● **WORK ORDER**: For this exercise, write out only the lines of the entries below from the one with "Framed Cloudy skies" up to and including the one with "About a Chair", exactly as they are. Pictures stay out.

● **SUPPLIED DATA**:
+-------+

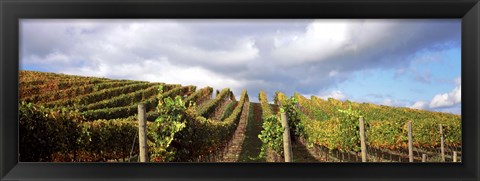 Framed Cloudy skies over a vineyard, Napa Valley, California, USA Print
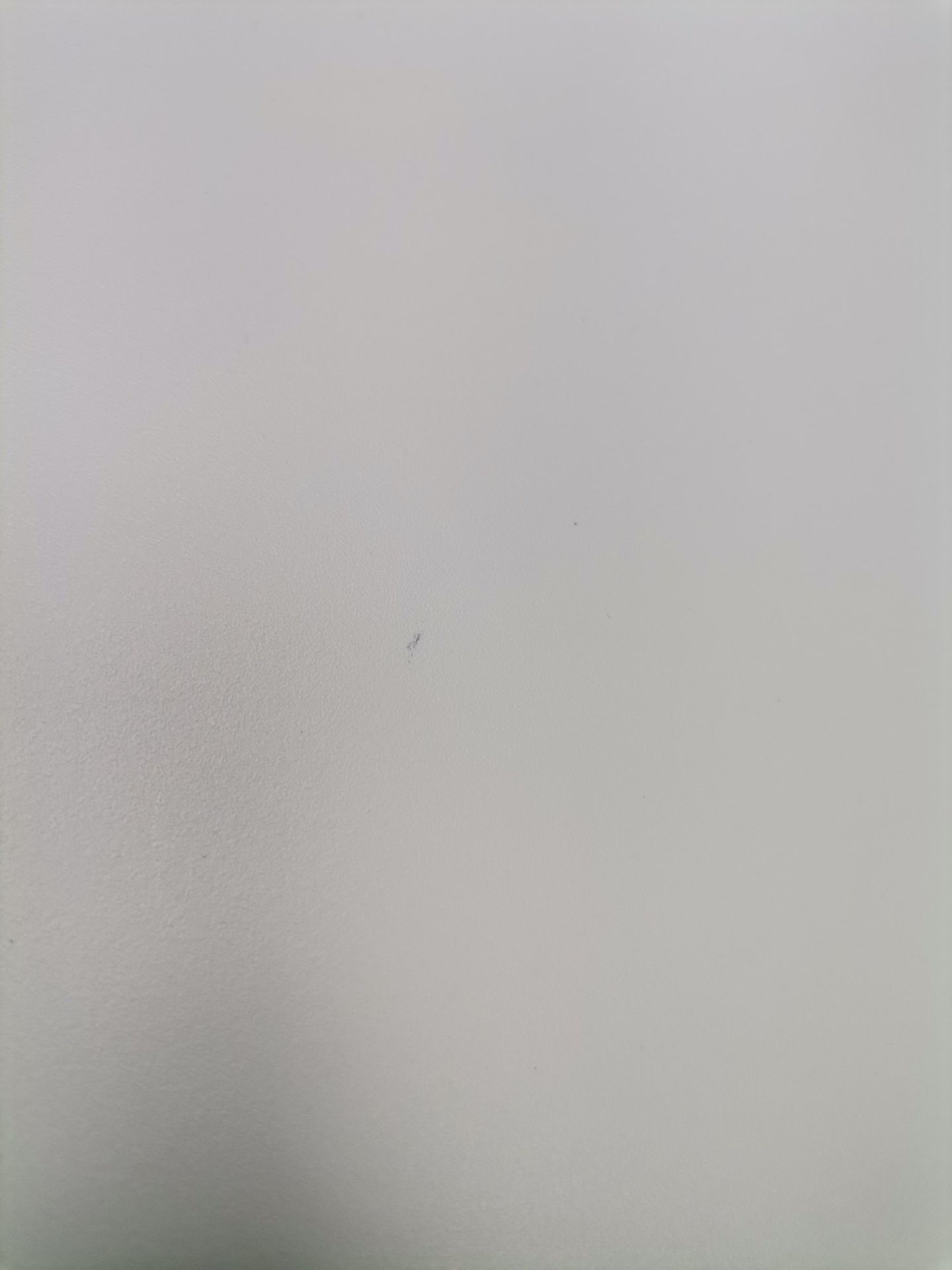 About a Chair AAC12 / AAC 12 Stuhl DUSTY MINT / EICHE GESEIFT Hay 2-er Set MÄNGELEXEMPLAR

+-------+

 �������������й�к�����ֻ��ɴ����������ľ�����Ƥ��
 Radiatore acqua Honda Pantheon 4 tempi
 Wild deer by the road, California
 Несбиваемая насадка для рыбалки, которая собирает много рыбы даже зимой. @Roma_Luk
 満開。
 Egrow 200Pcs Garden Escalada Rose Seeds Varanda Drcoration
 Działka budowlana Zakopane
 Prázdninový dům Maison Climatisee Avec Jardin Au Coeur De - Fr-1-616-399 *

+-------+

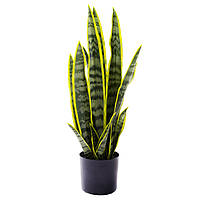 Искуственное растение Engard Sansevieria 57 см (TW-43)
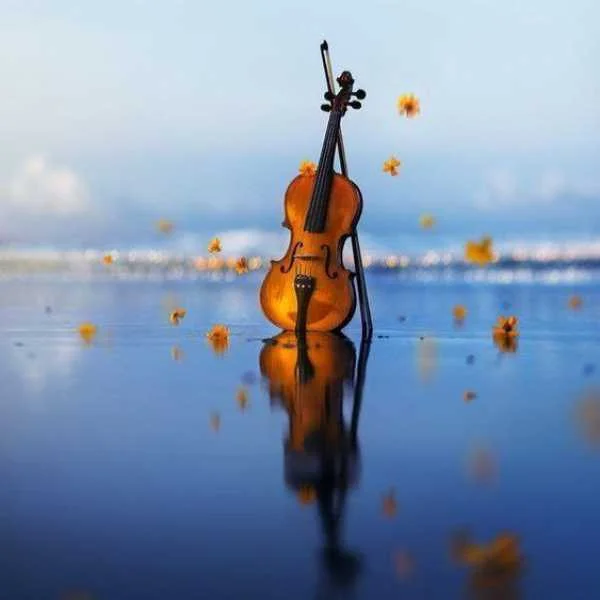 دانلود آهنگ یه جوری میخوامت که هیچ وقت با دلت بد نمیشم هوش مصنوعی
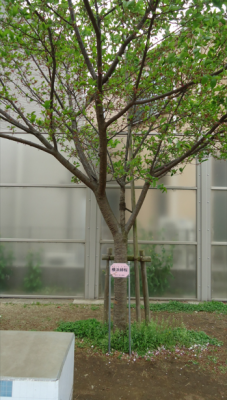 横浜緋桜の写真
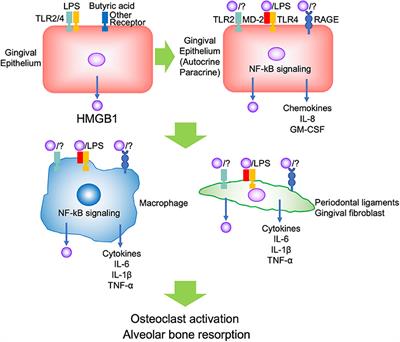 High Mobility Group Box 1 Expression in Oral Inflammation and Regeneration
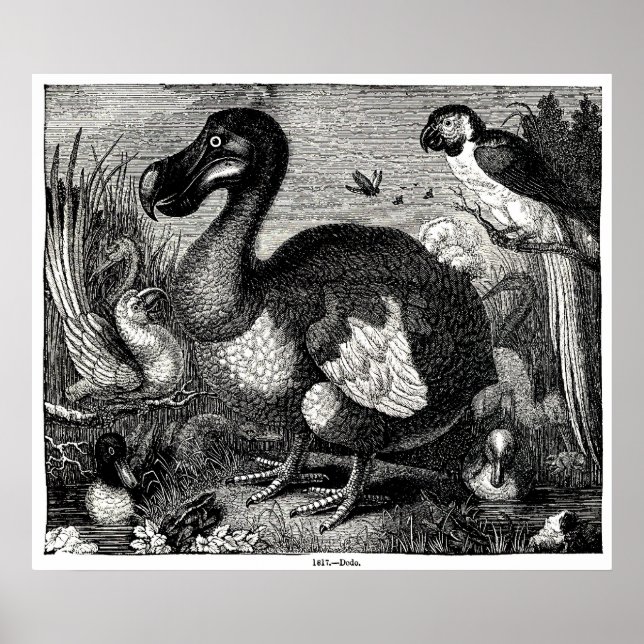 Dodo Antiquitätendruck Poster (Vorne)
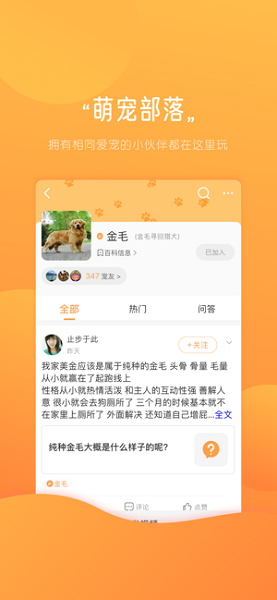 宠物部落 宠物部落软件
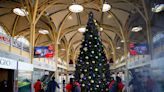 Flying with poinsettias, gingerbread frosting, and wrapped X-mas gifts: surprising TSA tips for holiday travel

+-------+

● **TASK RESPONSE**:
 Framed Cloudy skies over a vineyard, Napa Valley, California, USA Print
 About a Chair AAC12 / AAC 12 Stuhl DUSTY MINT / EICHE GESEIFT Hay 2-er Set MÄNGELEXEMPLAR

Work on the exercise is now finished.